Marqo's new release allows you to:
Note, this is available in Marqo open source and will be coming to Marqo Cloud very soon!
In an increasingly multimedia-centric world, the ability to search across various content/data types is crucial. Whether you're managing a vast library of educational videos, a repository of podcasts, or a collection of marketing materials, Marqo's new capabilities ensure that you can find exactly what you need, when you need it.
There are endless possibilities with audio and video search but below are some of the most common use cases.
This section will show you how to get set up on Marqo Cloud in 5 simple steps.
First, we need to install Marqo with pip:
pip install marqo
Next, we will need to initialize the Marqo Client. This will allow us to create and add documents to an index. To obtain your API Key, see this article.
import marqo
api_key = "put_your_api_key_here"
mq = marqo.Client(url='https://api.marqo.ai', api_key=api_key)
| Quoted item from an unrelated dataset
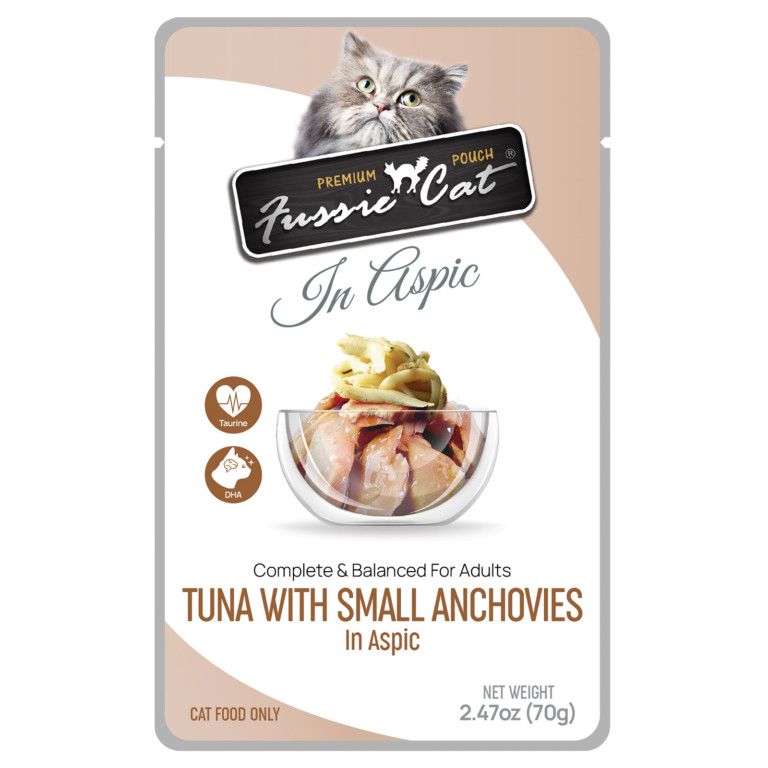 Box of Fussie Cat Tuna and Anchovies in Aspic Pouch 2.47oz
Let’s set up the configuration for our index. Here, we specify the LanguageBind/Video_V1.5_FT_Audio_FT_Image
model which allows us to create an index that can handle video, audio, image, and text files. We also specify that we want to use marqo.GPU
as the inference type as well as configure other basic settings.
# Define settings for the index
settings = {
"type": "unstructured", # Unstructured data allows flexible input types
"vectorNumericType": "float", # Use floating-point numbers for vector embeddings
"model": "LanguageBind/Video_V1.5_FT_Audio_FT_Image", # Model to handle text, audio, video, and images
"normalizeEmbeddings": True, # Normalize embeddings to ensure comparability
"treatUrlsAndPointersAsMedia": True, # Treat URLs as media files
"treatUrlsAndPointersAsImages": True, # Specifically treat certain URLs as images
"audioPreprocessing": {"splitLength": 10, "splitOverlap": 5}, # Split audio into 10-second chunks with 5-second overlap
"videoPreprocessing": {"splitLength": 20, "splitOverlap": 5}, # Split video into 20-second chunks with 5-second overlap
"inferenceType": "marqo.GPU", # Specify inference type
}
# Create a new index with the specified settings
mq.create_index("audio-and-video-search", settings_dict=settings)
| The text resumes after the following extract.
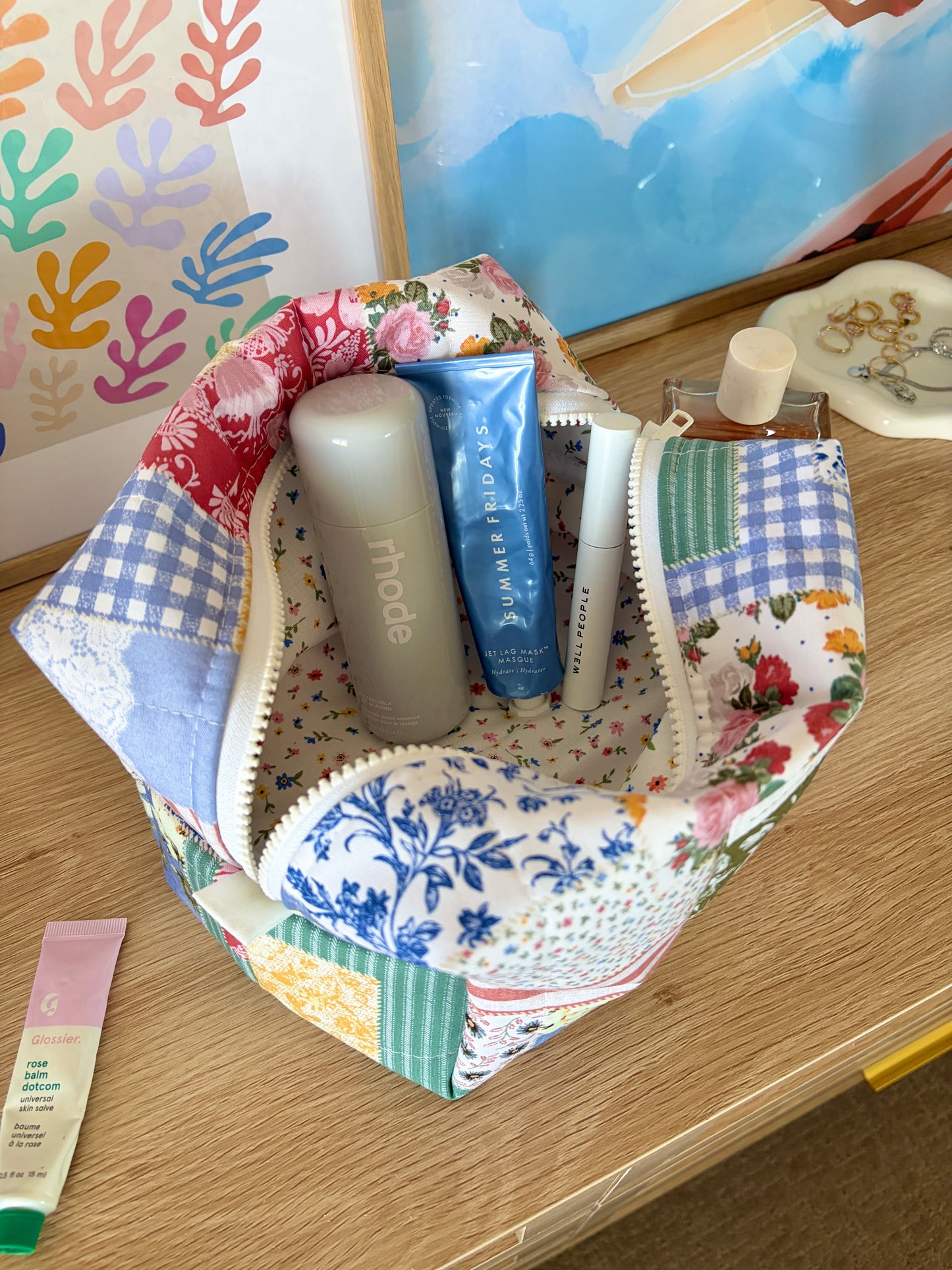 Colorful Picnic Large Makeup Bag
We now add our audio, video and image documents to our index. We will add one of each type. The video file is a video of our co-founder, Jesse Clark, giving a presentation at Google HQ. The audio file is blues music. The image file is our fashion-CLIP model logo - a hippo with a hat. These URLs are public so feel free to inspect them for yourself.
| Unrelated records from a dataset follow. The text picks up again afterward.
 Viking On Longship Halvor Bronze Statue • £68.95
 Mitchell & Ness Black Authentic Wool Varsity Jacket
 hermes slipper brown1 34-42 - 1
mq.index("audio-and-video-search").add_documents(
documents=[
# Add an audio file (blues music)
{"audio_field": "https://marqo-tutorial-public.s3.us-west-2.amazonaws.com/example-audio.mp3", "_id": "id1"},
# Add a video file (public speaking)
{"video_field": "https://marqo-tutorial-public.s3.us-west-2.amazonaws.com/example-video.mp4", "_id": "id2"},
# Add an image (Marqo logo which is a hippo)
{"image_field": "https://marqo-tutorial-public.s3.us-west-2.amazonaws.com/example-image.png", "_id": "id3"},
# Add more documents here if needed
],
tensor_fields=['audio_field', 'video_field', 'image_field'] # Specify which fields should be embedded
)
Let's search over this index. We will use the 'public speaking' query as this description matches our video file well.
# Search the index for a query related to public speaking
res = mq.index("audio-and-video-search").search("public speaking")
print(res['hits'][0]) # Print the top hit (should relate to the video of public speaking)
After performing our search, we obtain the output:
{'_id': 'id2', 'video_field': 'https://marqo-tutorial-public.s3.us-west-2.amazonaws.com/example-video.mp4', '_highlights': [{'video_field': '[0.8858670000000011, 20.885867]'}], '_score': 0.5409741804365457}
From this, we can clearly see the video file is our top result.
We encourage you to add more video, audio, image, and text documents to your index and experiment with different queries.
If you follow the steps in this guide, you will create an index with GPU inference and a basic storage shard. When you are done with the index you can delete it with the following code:
mq.delete_index("audio-and-video-search")
If you do not delete your index you will continue to be charged for it.
You've seen how to get set up on Marqo Cloud. This section will explain how to run Marqo locally through Docker.
Marqo requires Docker. If you haven’t already, install Docker. Then, navigate to your terminal and input the following to run marqo:
docker rm -f marqo
docker pull marqoai/marqo:latest
docker run --name marqo -it -p 8882:8882 \
-e MARQO_MODELS_TO_PRELOAD="[]" \
-e MARQO_MAX_CUDA_MODEL_MEMORY=16 \
-e MARQO_MAX_CPU_MODEL_MEMORY=16 marqoai/marqo:latest
Note, we configure some variables here. MARQO_MODELS_TO_PRELOAD
is set to []
so that no models are automatically loaded—we will load our audio/video models later. In addition, MARQO_MAX_CUDA_MODEL_MEMORY
and MARQO_MAX_CPU_MODEL_MEMORY
have a default value of 4 so we increase this to 16 to allow for larger model sizes and more complex computations, enabling faster processing and handling.
Now, we install marqo
, the Python client for interacting with the Marqo server running in Docker:
pip install marqo
That’s it! Now we’re ready to create an index and begin searching over audio and video files.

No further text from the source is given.